Мы собрались во второй комнате. Андрюшке и Мисаилову было не до занятий, так что сидели все вместе. Принесли тетрадку, чернильницу, ручку и начали составлять список гостей. Из стариков решили, кроме Каменского и Андрея Аполлинариевича, не звать никого. В конце концов, это комсомольская свадьба — пусть комсомольцы и веселятся. Решено было, впрочем, что, если Юрий Александрович захочет кого-нибудь пригласить из учителей, мы возражать не будем.

Зато ребят намечалось много. Мисаилову, конечно, следовало позвать парней с лесопилки, да потом кое-кто у нас был из общих знакомых. Bce пожалели, что нет Вани Патетюрина — он был веселый парень и на свадьбе бы пригодился, — но и без него народу набиралось порядочно.

Обсуждение проходило без участия Мисаилова. Он сидел, как всегда, на лежанке с гитарой в руках, перебирал струны и молчал. Но, когда начали составлять список, он вдруг поднял голову.

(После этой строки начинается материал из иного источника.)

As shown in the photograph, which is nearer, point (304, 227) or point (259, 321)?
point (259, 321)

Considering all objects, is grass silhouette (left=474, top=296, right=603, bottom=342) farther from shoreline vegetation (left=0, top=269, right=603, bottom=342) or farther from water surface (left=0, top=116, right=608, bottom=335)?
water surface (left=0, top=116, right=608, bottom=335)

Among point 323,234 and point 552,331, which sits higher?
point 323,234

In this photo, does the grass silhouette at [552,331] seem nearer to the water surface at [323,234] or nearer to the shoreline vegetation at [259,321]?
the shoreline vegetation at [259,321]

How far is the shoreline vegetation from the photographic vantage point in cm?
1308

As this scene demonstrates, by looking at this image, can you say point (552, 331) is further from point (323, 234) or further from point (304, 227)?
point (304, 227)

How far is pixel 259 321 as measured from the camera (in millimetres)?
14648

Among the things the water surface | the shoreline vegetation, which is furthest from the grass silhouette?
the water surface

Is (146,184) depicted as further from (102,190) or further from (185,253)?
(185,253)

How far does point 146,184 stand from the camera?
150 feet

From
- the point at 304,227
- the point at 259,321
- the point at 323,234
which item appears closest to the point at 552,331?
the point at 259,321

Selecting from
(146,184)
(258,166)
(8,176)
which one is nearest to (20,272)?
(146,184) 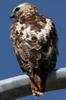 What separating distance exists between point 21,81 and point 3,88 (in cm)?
15

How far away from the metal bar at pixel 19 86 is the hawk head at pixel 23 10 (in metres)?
3.08

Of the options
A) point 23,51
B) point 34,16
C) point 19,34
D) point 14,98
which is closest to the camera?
point 14,98

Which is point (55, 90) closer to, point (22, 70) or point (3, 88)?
point (3, 88)

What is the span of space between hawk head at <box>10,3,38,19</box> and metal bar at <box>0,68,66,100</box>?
10.1 ft

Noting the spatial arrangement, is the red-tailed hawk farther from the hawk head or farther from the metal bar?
the hawk head

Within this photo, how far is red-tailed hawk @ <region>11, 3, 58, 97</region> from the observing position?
11.3 feet

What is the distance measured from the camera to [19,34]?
4.32 metres

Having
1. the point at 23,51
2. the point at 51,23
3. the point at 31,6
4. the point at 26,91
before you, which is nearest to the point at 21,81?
the point at 26,91

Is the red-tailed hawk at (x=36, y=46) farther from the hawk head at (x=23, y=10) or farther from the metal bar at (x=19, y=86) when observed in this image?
the hawk head at (x=23, y=10)

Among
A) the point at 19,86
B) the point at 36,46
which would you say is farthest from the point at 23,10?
the point at 19,86

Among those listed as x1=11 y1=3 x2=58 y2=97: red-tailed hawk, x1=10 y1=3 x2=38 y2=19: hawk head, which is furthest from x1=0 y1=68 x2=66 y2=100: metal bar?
Answer: x1=10 y1=3 x2=38 y2=19: hawk head

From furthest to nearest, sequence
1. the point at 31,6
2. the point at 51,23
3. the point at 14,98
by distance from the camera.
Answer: the point at 31,6, the point at 51,23, the point at 14,98

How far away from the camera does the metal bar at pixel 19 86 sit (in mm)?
2417

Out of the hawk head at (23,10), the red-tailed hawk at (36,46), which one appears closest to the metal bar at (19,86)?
the red-tailed hawk at (36,46) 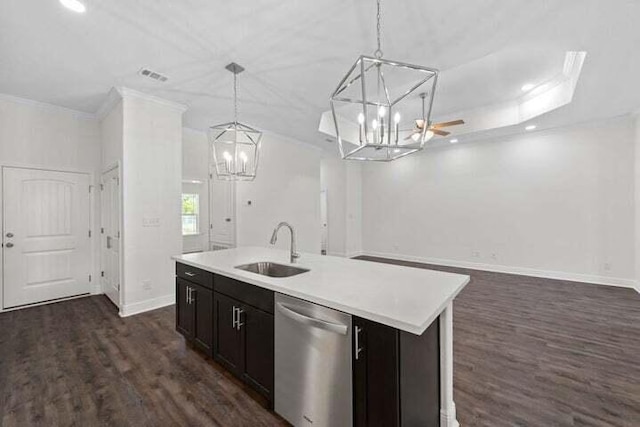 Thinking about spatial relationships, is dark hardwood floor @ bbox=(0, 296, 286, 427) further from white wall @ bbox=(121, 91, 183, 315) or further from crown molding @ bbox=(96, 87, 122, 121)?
crown molding @ bbox=(96, 87, 122, 121)

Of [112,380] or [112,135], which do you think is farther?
[112,135]

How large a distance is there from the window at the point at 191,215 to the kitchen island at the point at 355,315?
13.0 ft

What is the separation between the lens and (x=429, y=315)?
125 centimetres

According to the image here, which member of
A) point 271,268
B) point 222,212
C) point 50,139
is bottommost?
point 271,268

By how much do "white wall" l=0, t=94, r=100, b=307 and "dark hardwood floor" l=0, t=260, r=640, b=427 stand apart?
6.52ft

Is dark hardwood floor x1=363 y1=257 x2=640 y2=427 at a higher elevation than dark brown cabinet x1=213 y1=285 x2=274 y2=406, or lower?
lower

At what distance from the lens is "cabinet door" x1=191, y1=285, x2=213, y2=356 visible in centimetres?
239

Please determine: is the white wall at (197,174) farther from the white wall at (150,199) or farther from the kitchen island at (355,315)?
the kitchen island at (355,315)

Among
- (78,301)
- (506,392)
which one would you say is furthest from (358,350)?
(78,301)

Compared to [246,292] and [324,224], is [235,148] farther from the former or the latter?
[324,224]

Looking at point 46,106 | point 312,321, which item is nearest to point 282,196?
point 46,106

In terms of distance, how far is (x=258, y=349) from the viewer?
6.30 ft

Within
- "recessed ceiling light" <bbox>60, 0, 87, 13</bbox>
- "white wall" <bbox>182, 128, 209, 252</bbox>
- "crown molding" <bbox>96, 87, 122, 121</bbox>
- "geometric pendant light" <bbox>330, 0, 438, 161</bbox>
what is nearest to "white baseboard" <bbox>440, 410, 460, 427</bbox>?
"geometric pendant light" <bbox>330, 0, 438, 161</bbox>

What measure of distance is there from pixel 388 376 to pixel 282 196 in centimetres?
511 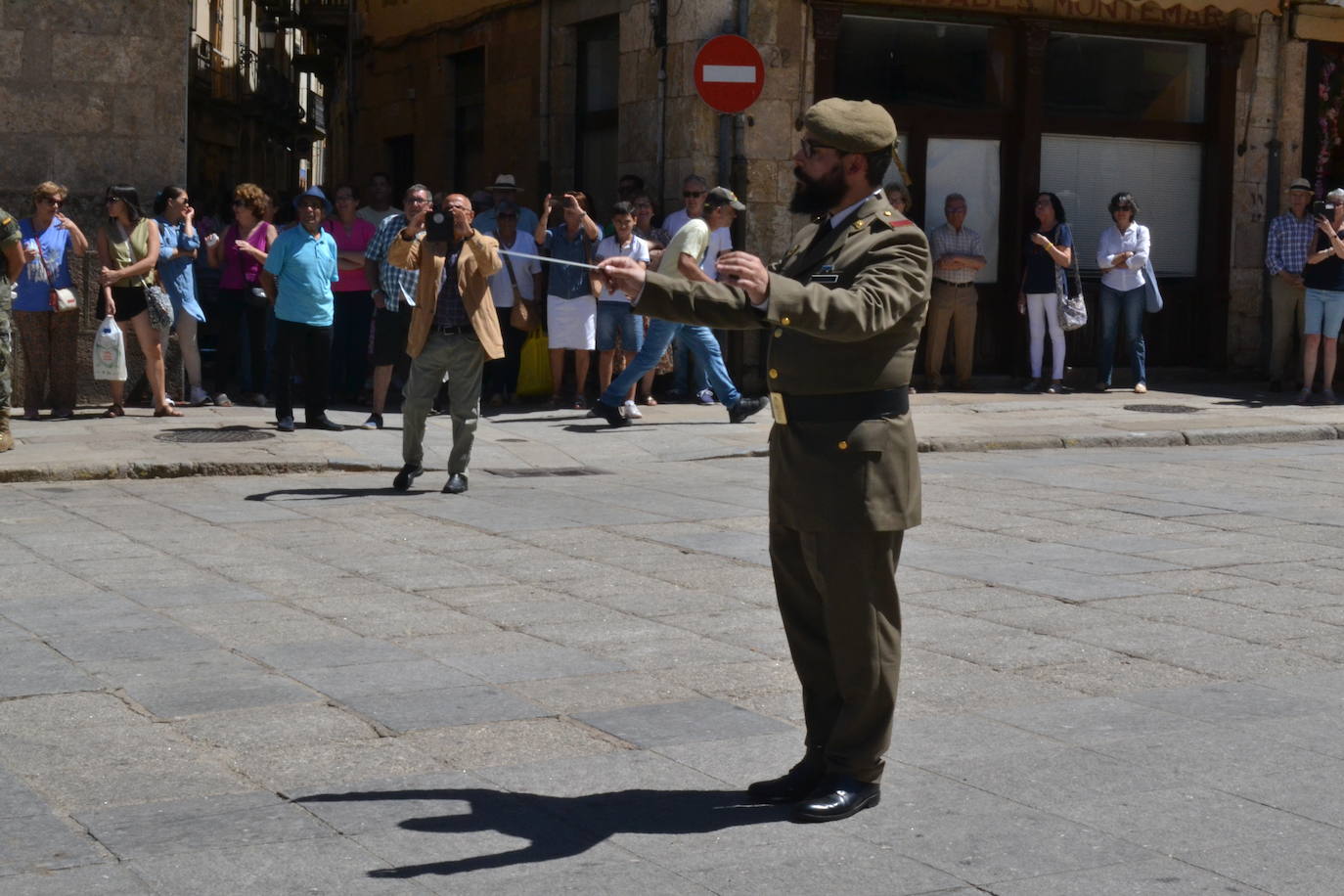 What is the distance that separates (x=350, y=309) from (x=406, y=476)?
529 cm

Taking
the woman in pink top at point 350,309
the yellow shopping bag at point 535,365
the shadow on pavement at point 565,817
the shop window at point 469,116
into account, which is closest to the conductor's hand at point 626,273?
the shadow on pavement at point 565,817

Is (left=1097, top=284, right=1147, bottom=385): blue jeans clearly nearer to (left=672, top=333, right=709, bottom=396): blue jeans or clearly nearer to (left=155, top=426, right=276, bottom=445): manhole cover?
(left=672, top=333, right=709, bottom=396): blue jeans

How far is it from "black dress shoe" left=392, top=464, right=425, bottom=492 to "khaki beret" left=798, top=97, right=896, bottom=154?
22.1ft

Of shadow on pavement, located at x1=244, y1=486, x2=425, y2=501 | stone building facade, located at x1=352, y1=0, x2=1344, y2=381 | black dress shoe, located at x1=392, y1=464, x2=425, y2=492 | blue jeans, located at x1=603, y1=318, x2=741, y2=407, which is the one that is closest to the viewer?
shadow on pavement, located at x1=244, y1=486, x2=425, y2=501

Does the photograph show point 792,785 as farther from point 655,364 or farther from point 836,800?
point 655,364

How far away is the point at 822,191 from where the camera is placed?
15.5 feet

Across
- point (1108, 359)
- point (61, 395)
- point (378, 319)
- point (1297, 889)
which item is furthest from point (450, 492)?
point (1108, 359)

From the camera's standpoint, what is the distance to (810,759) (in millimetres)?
4832

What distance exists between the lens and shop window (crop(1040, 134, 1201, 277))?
1809cm

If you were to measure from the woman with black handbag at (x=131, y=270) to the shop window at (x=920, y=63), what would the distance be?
644 cm

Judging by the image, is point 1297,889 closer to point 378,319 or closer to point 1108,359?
point 378,319

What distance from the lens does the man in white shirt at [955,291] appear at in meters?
17.0

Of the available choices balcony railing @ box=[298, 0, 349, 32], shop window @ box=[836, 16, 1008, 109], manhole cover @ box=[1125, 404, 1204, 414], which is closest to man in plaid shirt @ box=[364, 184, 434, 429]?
shop window @ box=[836, 16, 1008, 109]

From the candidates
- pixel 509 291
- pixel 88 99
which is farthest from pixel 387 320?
pixel 88 99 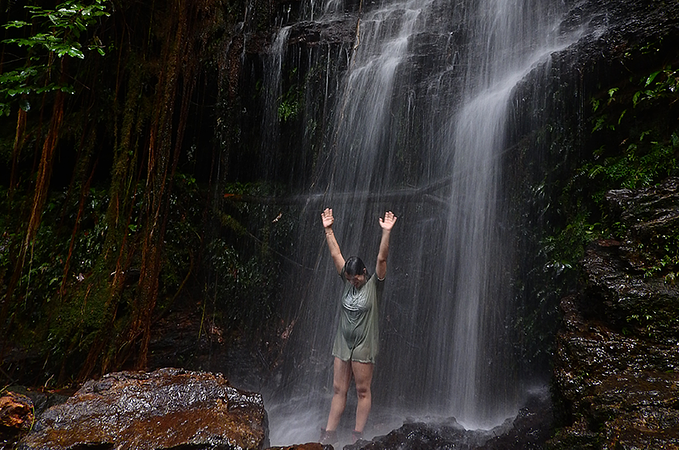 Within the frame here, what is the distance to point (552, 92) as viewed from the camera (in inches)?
192

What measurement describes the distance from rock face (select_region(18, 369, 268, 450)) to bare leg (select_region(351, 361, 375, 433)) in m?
1.09

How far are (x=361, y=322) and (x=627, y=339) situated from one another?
7.45ft

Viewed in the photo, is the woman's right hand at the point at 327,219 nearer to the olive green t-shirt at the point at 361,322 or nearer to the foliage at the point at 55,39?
the olive green t-shirt at the point at 361,322

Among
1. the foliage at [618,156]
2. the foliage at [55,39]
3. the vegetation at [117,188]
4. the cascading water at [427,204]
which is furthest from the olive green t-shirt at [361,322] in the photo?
the foliage at [55,39]

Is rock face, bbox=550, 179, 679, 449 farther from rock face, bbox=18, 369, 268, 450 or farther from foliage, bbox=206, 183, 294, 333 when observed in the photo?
foliage, bbox=206, 183, 294, 333

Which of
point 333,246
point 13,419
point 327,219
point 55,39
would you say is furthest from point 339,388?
point 55,39

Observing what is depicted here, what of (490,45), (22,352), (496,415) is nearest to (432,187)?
(490,45)

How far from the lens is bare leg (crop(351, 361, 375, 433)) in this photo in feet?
13.8

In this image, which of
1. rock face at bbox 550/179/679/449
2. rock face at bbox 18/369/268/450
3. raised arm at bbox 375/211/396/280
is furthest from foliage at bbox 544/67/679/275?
rock face at bbox 18/369/268/450

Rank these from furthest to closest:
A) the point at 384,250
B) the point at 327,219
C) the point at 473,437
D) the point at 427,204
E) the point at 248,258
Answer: the point at 248,258, the point at 427,204, the point at 327,219, the point at 384,250, the point at 473,437

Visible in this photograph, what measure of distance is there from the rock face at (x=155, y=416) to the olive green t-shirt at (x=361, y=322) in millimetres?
1094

— Знаете что, ребята, — сказал он, — сделайте мне одолжение, не зовите вы никого. Давайте тихо отпразднуем. Не хочется мне, чтоб было много народу...

Можно было согласиться с этим или начать спорить, но что-то было в Васином тоне такое, что мы все замолчали и ни один из нас слова не сказал. Такое измученное было у него лицо, когда он поднял голову от гитары, что у меня даже горло перехватило. Разговор оборвался, мы все молчали. Тетрадь, чернила и ручку Харбов отнес обратно в первую комнату.

Васька опять заиграл на гитаре, переходя с одного мотива на другой, но даже веселые песни сейчас звучали печально.

— А знаете, ребята, — сказал Силкин, — у нас же сегодня Васькин мальчишник.

Никто из нас не знал, что такое мальчишник.

— Есть такой обычай, — объяснил Сема, — когда парень женится, накануне собираются ребята, без девушек. И он проводит с ними последний холостой вечер.

Нам понравилась эта мысль. Мы стянули у Александры Матвеевны мяса и соленых огурцов, расселись кружком на медвежьей шкуре и стали болтать о том, какая замечательная получилась «Коммуна холостяков» и как жалко, что Мисаилов из нее уходит.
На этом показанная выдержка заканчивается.